Un double meurtre au couteau
À ce jour, l’enquête révèle que les deux groupes ne se connaissaient pas. László fêtait ses 16 ans en compagnie de Gergely, 21 ans, et du frère de ce dernier. Ils ont croisé le chemin de Krisztián, qui fêtait ses 18 ans avec ses amis. Une altercation a éclaté après un court échange verbal. Les assaillants, au nombre de sept, tous connus par la police pour des faits de violence et d’usage de drogue, ont passé à tabac les trois jeunes, les frappant au sol à la tête et au torse. D’après l’enquête et les aveux du suspect – bien qu’il se soit rétracté depuis -, Krisztián a poignardé plusieurs fois les deux victimes. Le frère de Gergely a lui été hospitalisé par la suite. Après les faits, le jeune meurtrier a tenté de fuir, jetant le couteau sous une voiture, mais la police nationale l’a intercepté dix minutes plus tard, après avoir également retrouvé l’arme, le tout grâce aux caméras de surveillance du centre-ville. Après que la police a arrêté neuf personnes vendredi, trois individus, dont le suspect principal, sont actuellement en détention provisoire.
« Criminalité tzigane »
Employée en criminologie par les autorités socialistes durant l’ère Kádár, cette expression controversée a été abandonnée au changement de régime avant d’être popularisée dans les années 2000 par le parti – alors encore – de droite nationaliste Jobbik. Pour les associations « anti-racistes » et les ONG politisées à gauche, l’expression est raciste et stigmatisante, et ne renvoie à aucune réalité. Des accusations que rejettent les utilisateurs de l’expression, qui n’y voient rien de plus discriminant que les expressions « criminalité jeune » ou « criminalité masculine ». L’expression définit, selon ceux qui l’emploient, le phénomène de la criminalité propre à une partie de la communauté tzigane, au sens qu’elle est caractérisée par des éléments spécifiques. Si l’expression n’est pas employée officiellement depuis trente ans, elle revient aujourd’hui sur le devant de la scène suite à ce tragique événement.
Ainsi, le parti de droite nationaliste Mi Hazánk (Notre Patrie), formé en juin 2018 par les dissidents du Jobbik, remet au goût du jour l’expression, évitée par les grands partis.
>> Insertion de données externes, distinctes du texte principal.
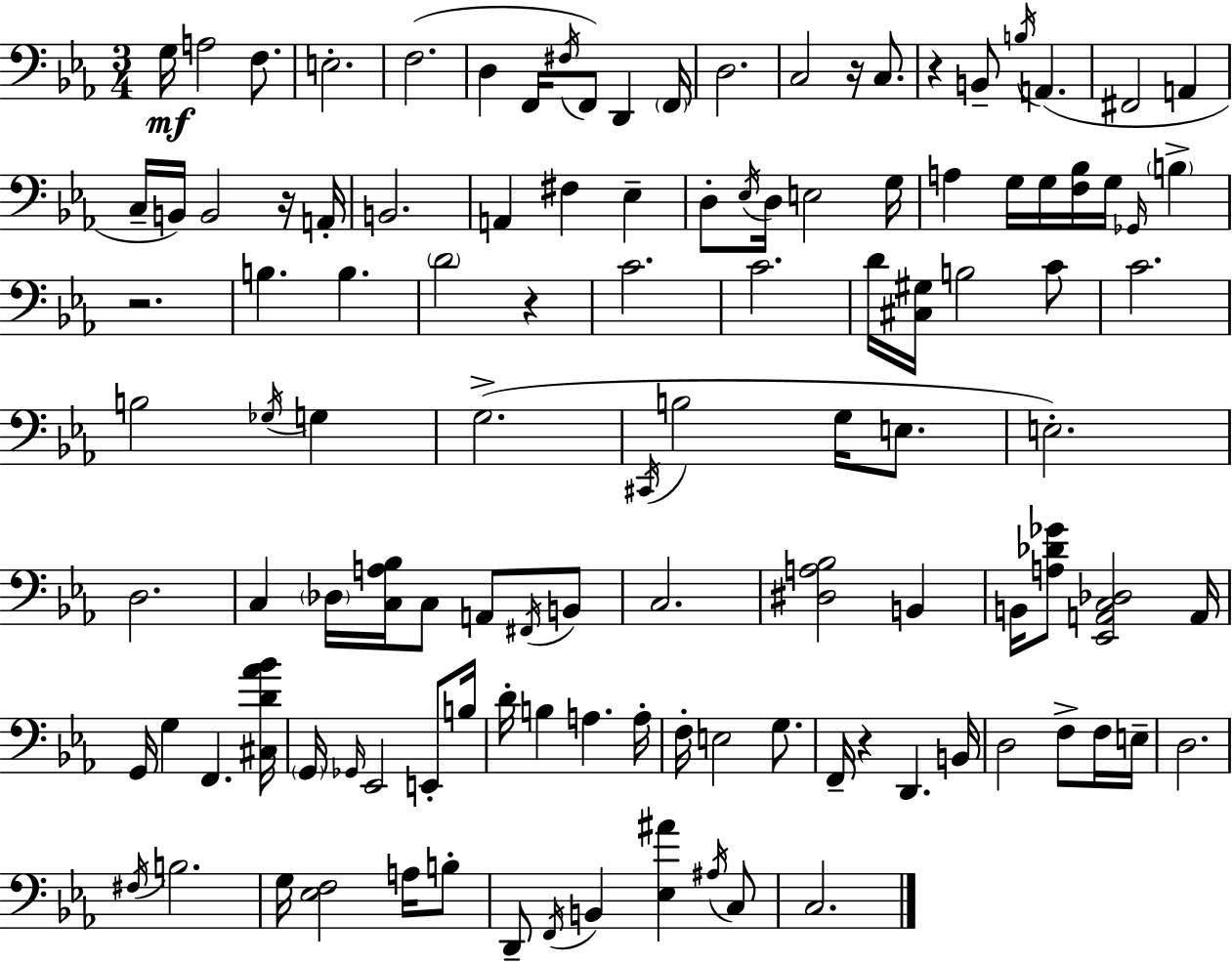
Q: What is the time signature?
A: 3/4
Pourtant, Viktor Orbán a récemment ouvert le débat sur la question tzigane, critiquant une décision de justice dans une affaire de ségrégation de fait dans une école de province, le juge octroyant un dédommagement très important aux victimes, des Tziganes qui ont eu à faire classe à part des Hongrois dans une école publique à Gyöngyöspata. Mais le Fidesz évite soigneusement l’expression honnie de « criminalité tzigane », de même que le Jobbik qui a radicalement changé sa ligne depuis quelques années. Une manifestation du souvenir des victimes se tiendra le 28 mai conjointement organisée par les organisations de supporters de football (les deux jeunes étaient également supporters de deux clubs hongrois) et le parti Mi Hazánk. La presse de droite, y compris pro-gouvernementale, s’inquiète d’avance de la clémence judiciaire dont bénéficieront vraisemblablement les accusés, soulignant la dérive progressiste de la justice, à l’image de la justice occidentale. Dans un éditorial publié sur PestiSrácok, l’auteur pointe du doigt la responsabilité de la justice laxiste, de l’élite libérale progressiste qui encourage l’usage des drogues, ainsi que les ONG financées de l’étranger prenant systématiquement la défense des criminels.
La communauté tzigane de Hongrie représente environ 900 000 habitants sur les 9,7 millions de citoyens hongrois, elle est de loin la plus représentée dans les prisons, et la plus frappée par le chômage, le décrochage scolaire et d’autres fléaux sociaux. Sédentarisée et acculturée de force sous le communisme, la communauté tzigane de Hongrie a été progressivement imprégnée de la culture ghetto importée des États-Unis, favorisant la popularisation de la violence, des comportements asociaux et de l’usage de drogue en son sein. Couplée à une explosion démographique, la question tzigane, et son corolaire, la criminalité tzigane, sont aujourd’hui une problématique majeure de la société hongroise.